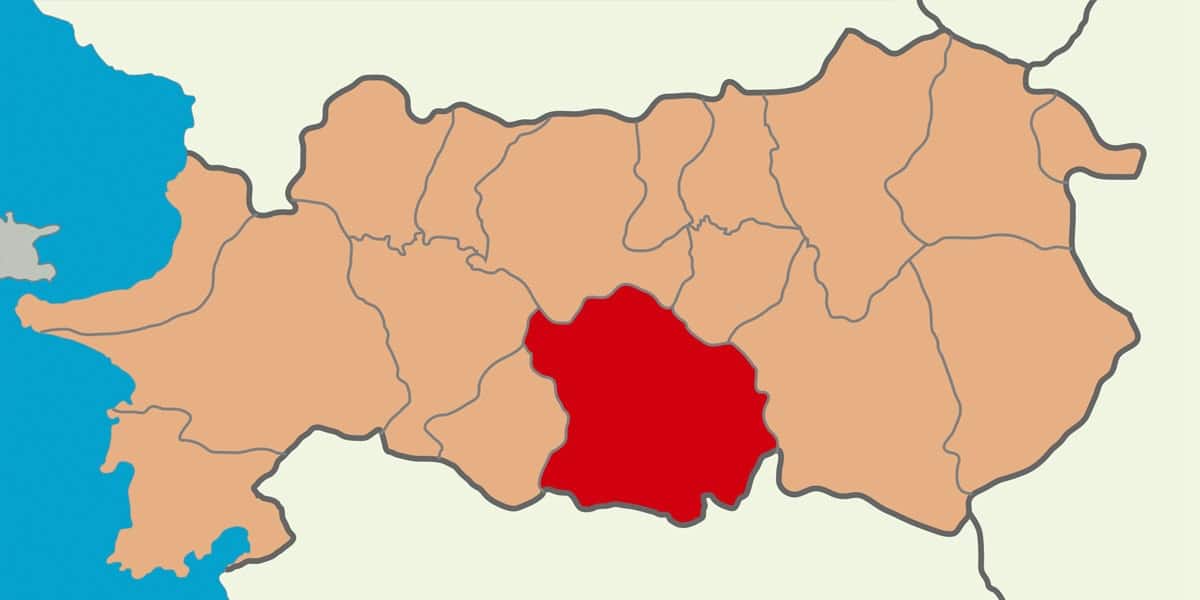 cine web tasarim görseli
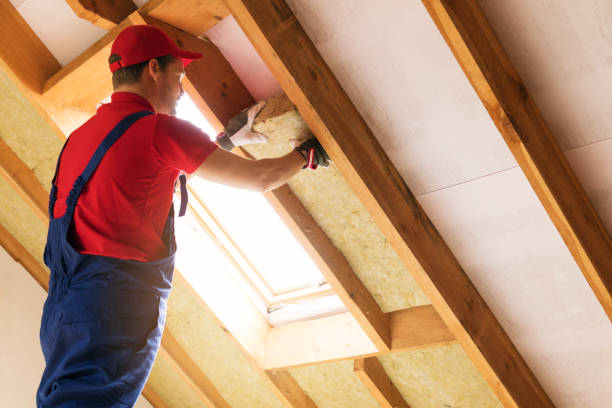 Best Batt and Roll Insulation  in Portola, CA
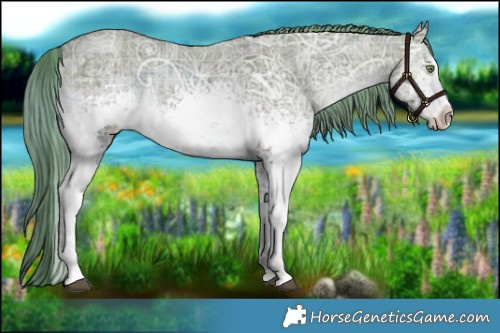 Horse Color:Plaid  White Spotted Liver Red Dun Ice Mushroom Sabino Brindle 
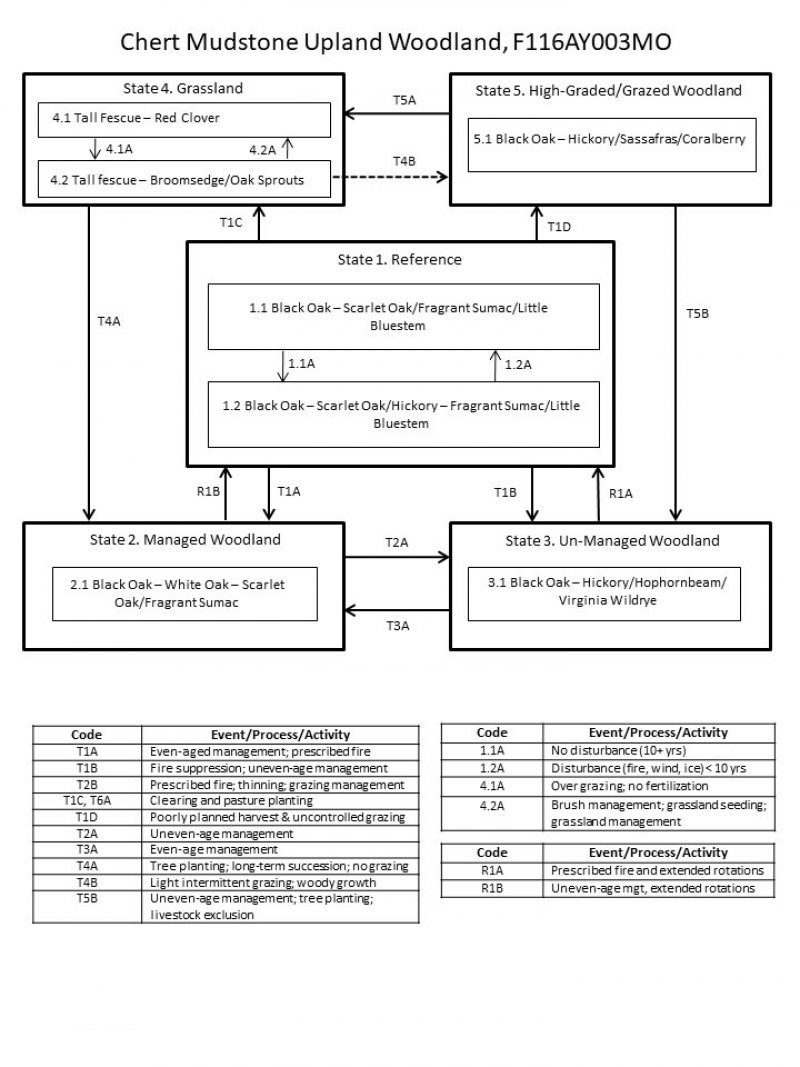 Model diagram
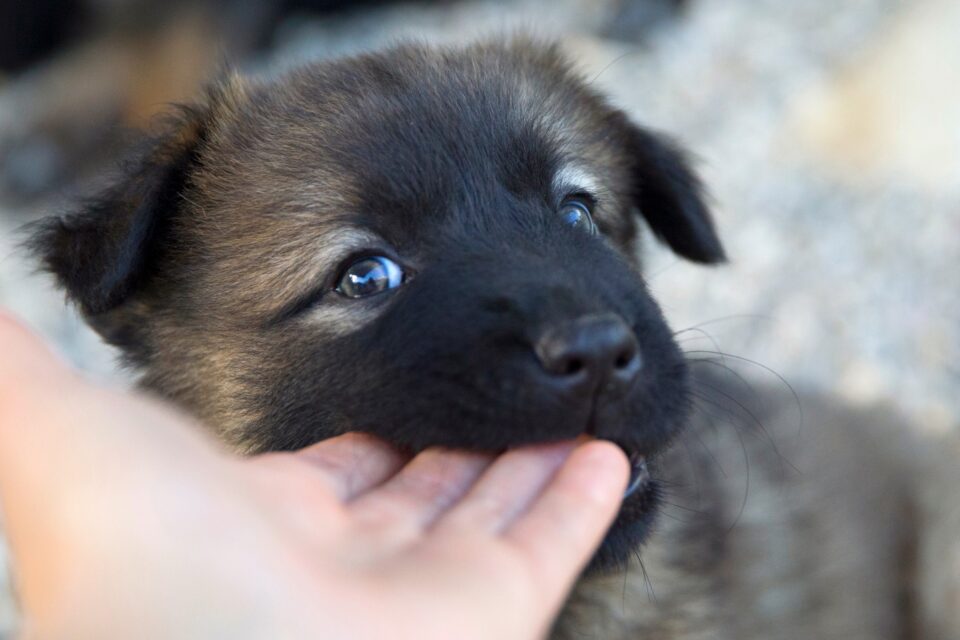 Why Does My Dog Nibble on Me With His Front Teeth?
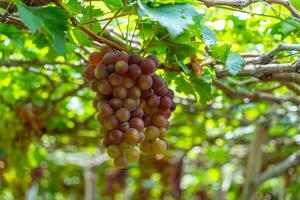 rood en groen wijngaard in de vroeg zonneschijn met mollig druiven geoogst Laden aan het wachten rood wijn voedingswaarde drinken in ninh donderdag provincie, Vietnam foto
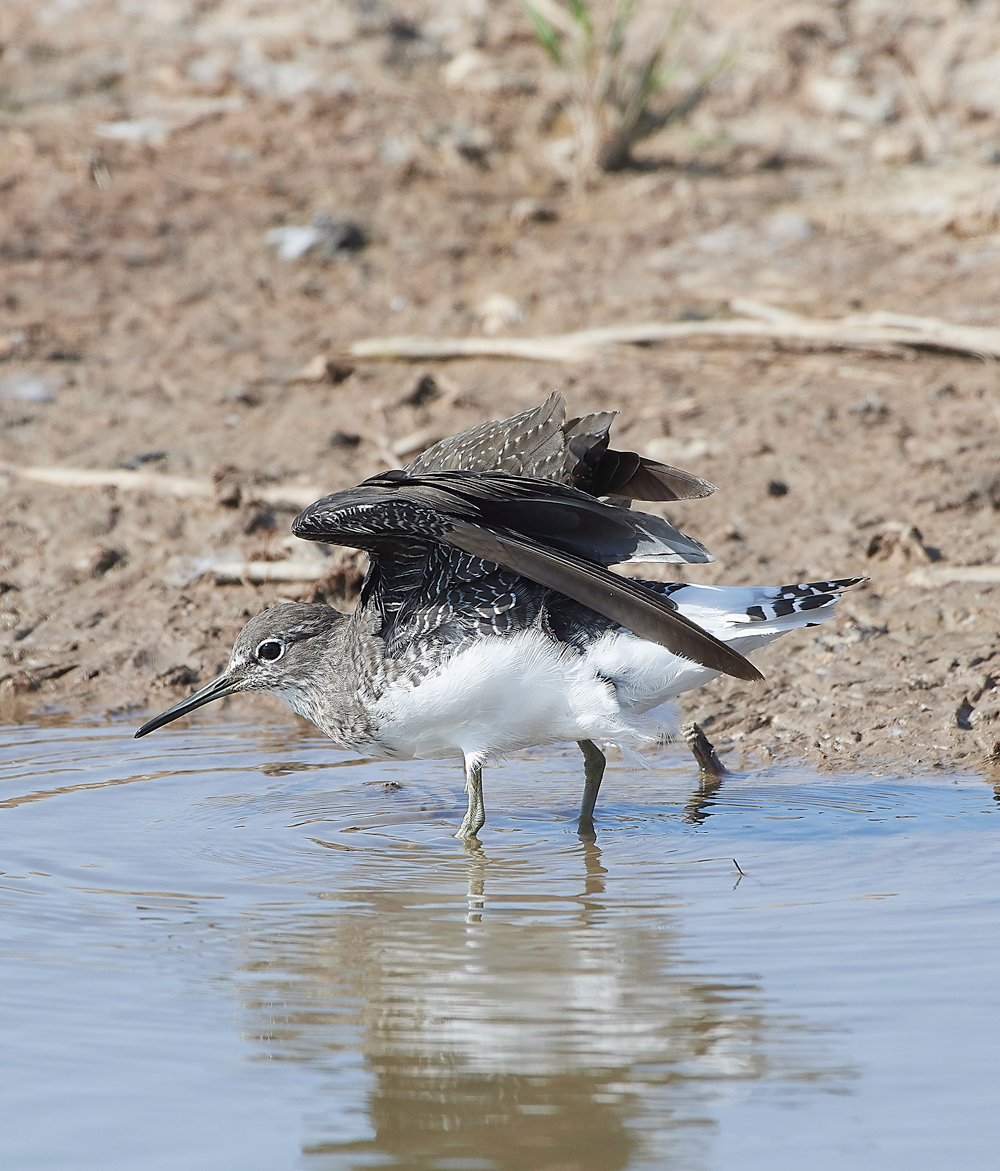 CleyGreenSandpiper060818-20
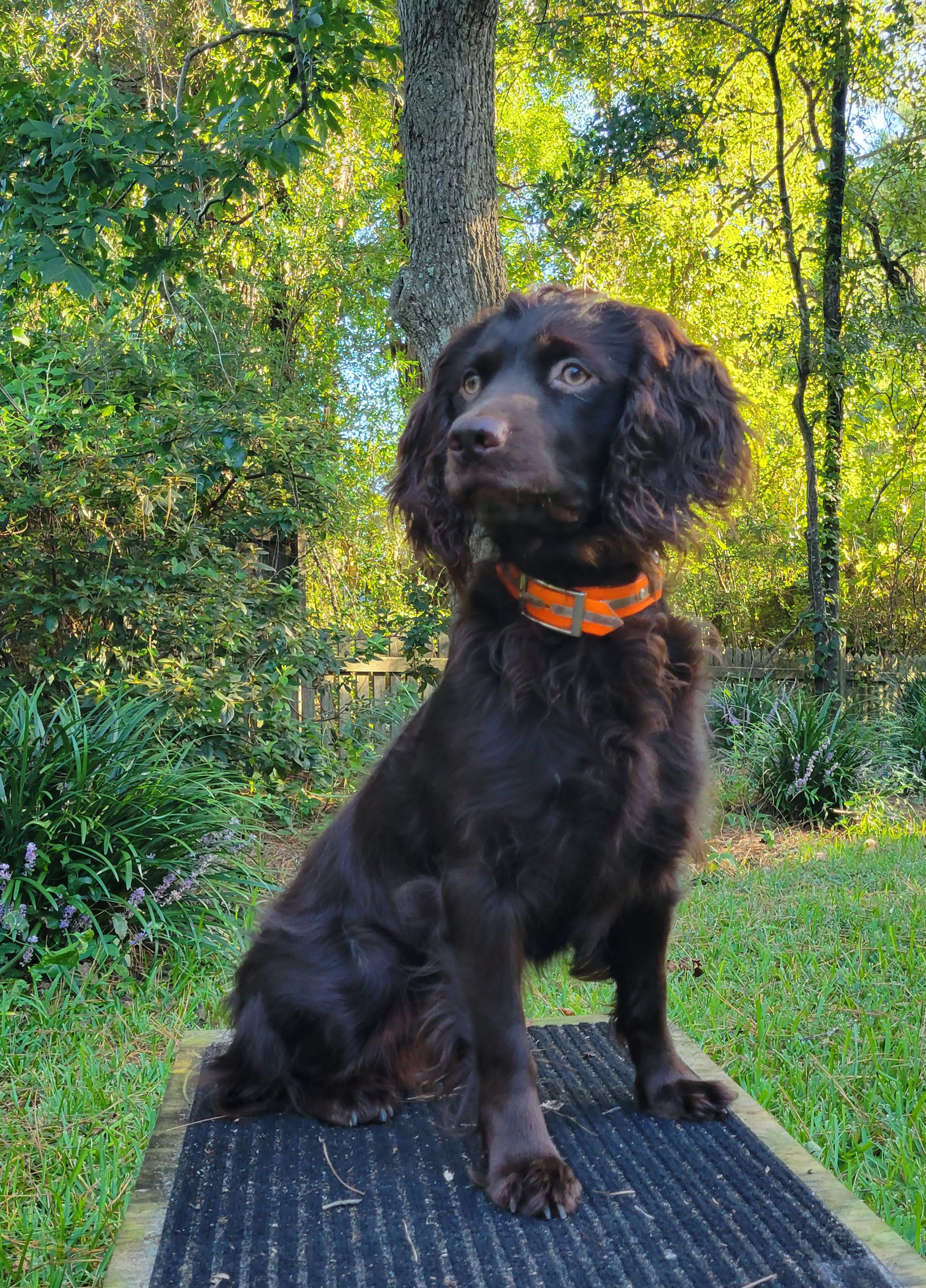 Tabbys Sweet Marley Of Wakendaw - Boykin Spaniel Pedigree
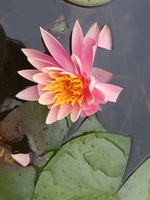 8386afa3458330d66d9a4f763f328d28a3a81974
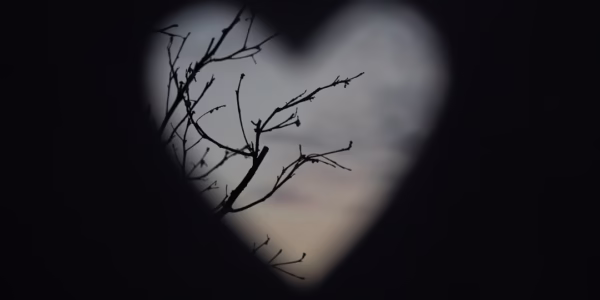 月亮惹的禍：我心的月光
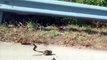 Une maman rat attaque un serpent pour sauver son bébé !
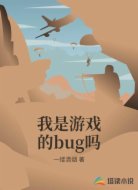 我是游戏的bug吗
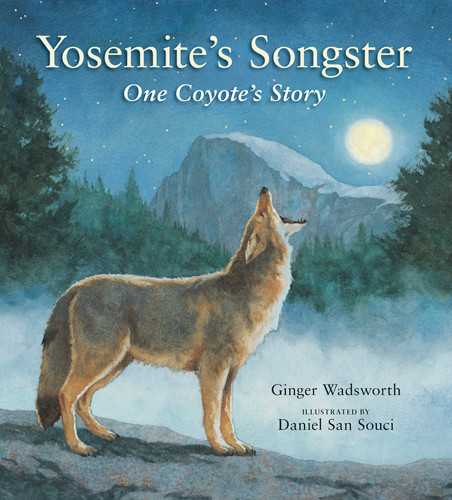 Yosemite's Songster (One Coyote's Story) by Ginger Wadsworth, Daniel San Souci, 9781951179526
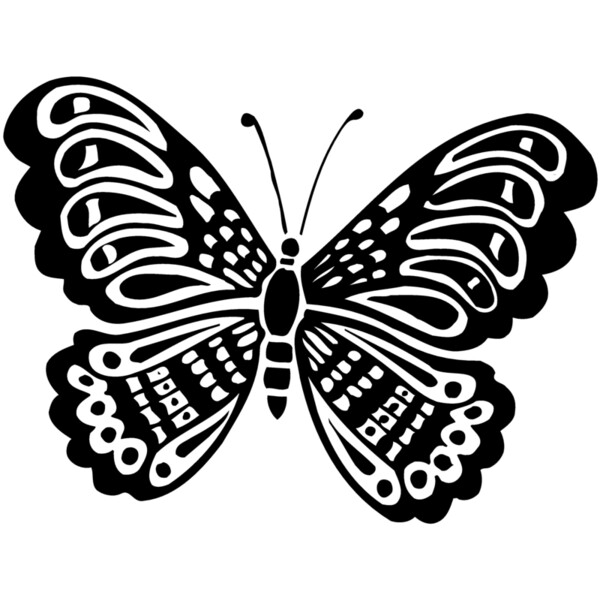 BTRFLY05 Thumbnail
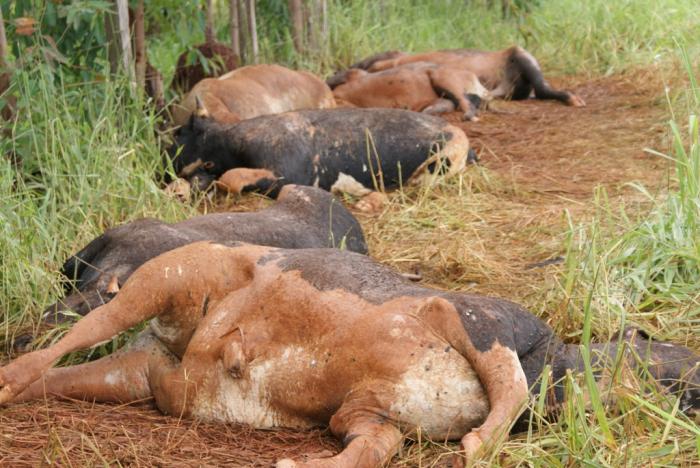 Descarga elétrica provocada por raio mata 14 animais em fazenda próxima à cidade de Lagoa Formosa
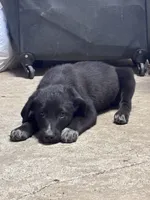 processed/14701443-4f5d-4301-a7a5-915ad6220c4d/listing/87613e09-7faf-4eec-83ba-2964ffaac674/850fb0d1-fdb9-42cc-91f0-6624f966ee59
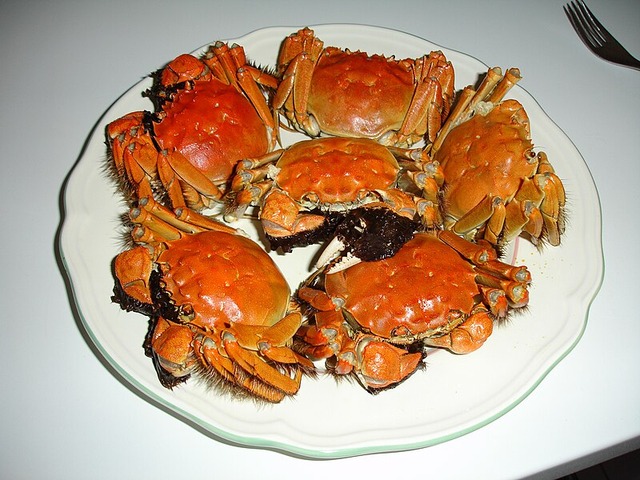 上海ガニを食べた娘のお腹を線量計で測ると基準値超え　中国メディア「一般市民が線量計を買うな」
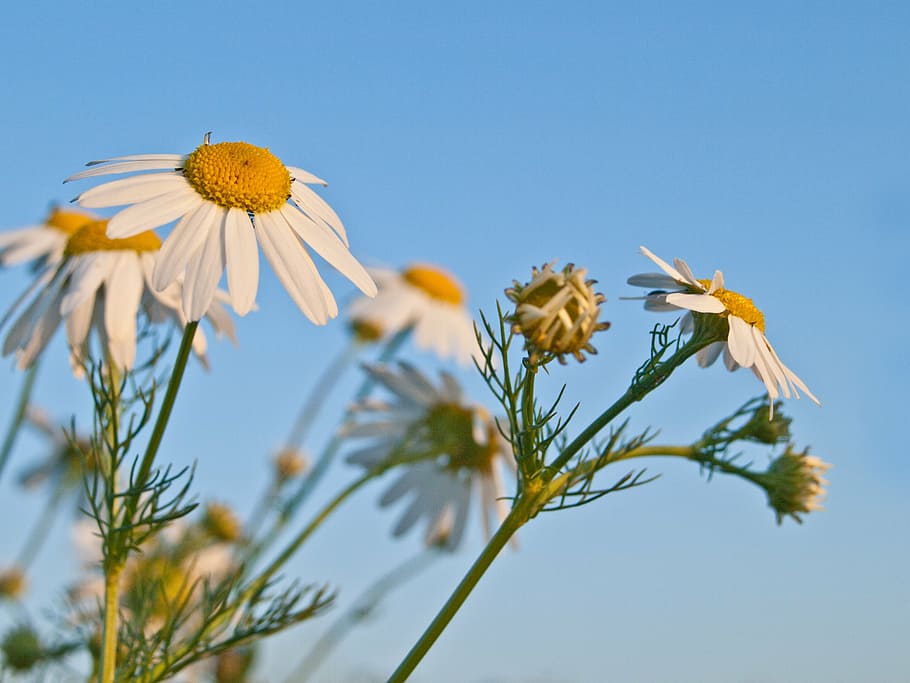 genuine chamomile, nature, herb, tee, wild flowers, plant, matricaria chamomilla HD wallpaper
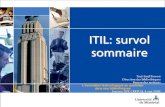 ITIL sommaire NST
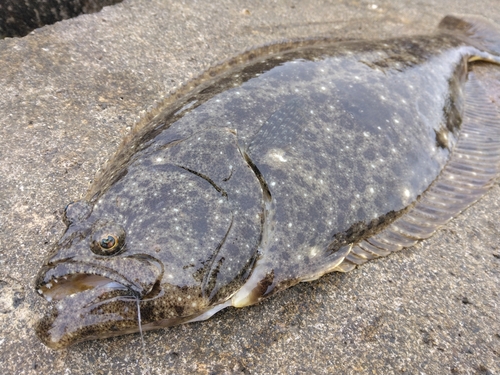 ヒラメの釣果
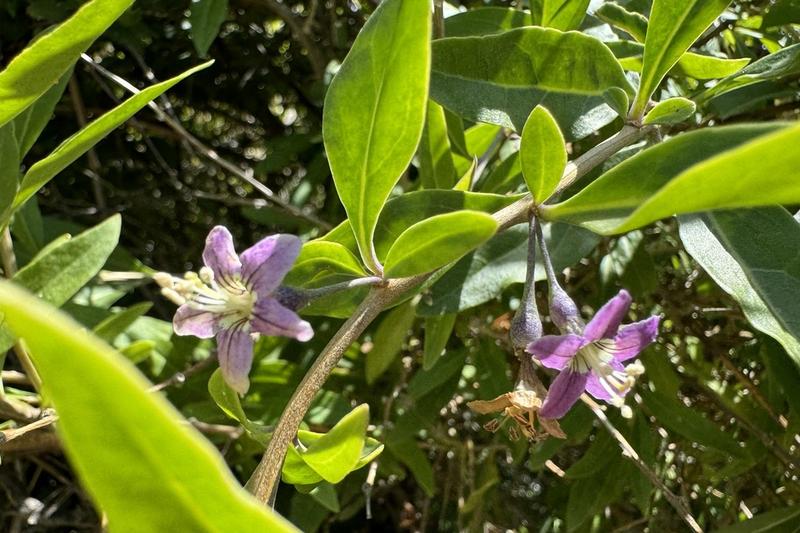 Goji Berry is a deciduous shrub native to China, producing bright red, nutrient-rich berries prized for their health benefits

########

## TASK TO COMPLETE
Output the listing unchanged, pictures excluded.

## RESULT FOR THIS EXERCISE
 cine web tasarim görseli
 Best Batt and Roll Insulation  in Portola, CA
 Horse Color:Plaid  White Spotted Liver Red Dun Ice Mushroom Sabino Brindle 
 Model diagram
 Why Does My Dog Nibble on Me With His Front Teeth?
 rood en groen wijngaard in de vroeg zonneschijn met mollig druiven geoogst Laden aan het wachten rood wijn voedingswaarde drinken in ninh donderdag provincie, Vietnam foto
 CleyGreenSandpiper060818-20
 Tabbys Sweet Marley Of Wakendaw - Boykin Spaniel Pedigree
 8386afa3458330d66d9a4f763f328d28a3a81974
 月亮惹的禍：我心的月光
 Une maman rat attaque un serpent pour sauver son bébé !
 我是游戏的bug吗
 Yosemite's Songster (One Coyote's Story) by Ginger Wadsworth, Daniel San Souci, 9781951179526
 BTRFLY05 Thumbnail
 Descarga elétrica provocada por raio mata 14 animais em fazenda próxima à cidade de Lagoa Formosa
 processed/14701443-4f5d-4301-a7a5-915ad6220c4d/listing/87613e09-7faf-4eec-83ba-2964ffaac674/850fb0d1-fdb9-42cc-91f0-6624f966ee59
 上海ガニを食べた娘のお腹を線量計で測ると基準値超え　中国メディア「一般市民が線量計を買うな」
 genuine chamomile, nature, herb, tee, wild flowers, plant, matricaria chamomilla HD wallpaper
 ITIL sommaire NST
 ヒラメの釣果
 Goji Berry is a deciduous shrub native to China, producing bright red, nutrient-rich berries prized for their health benefits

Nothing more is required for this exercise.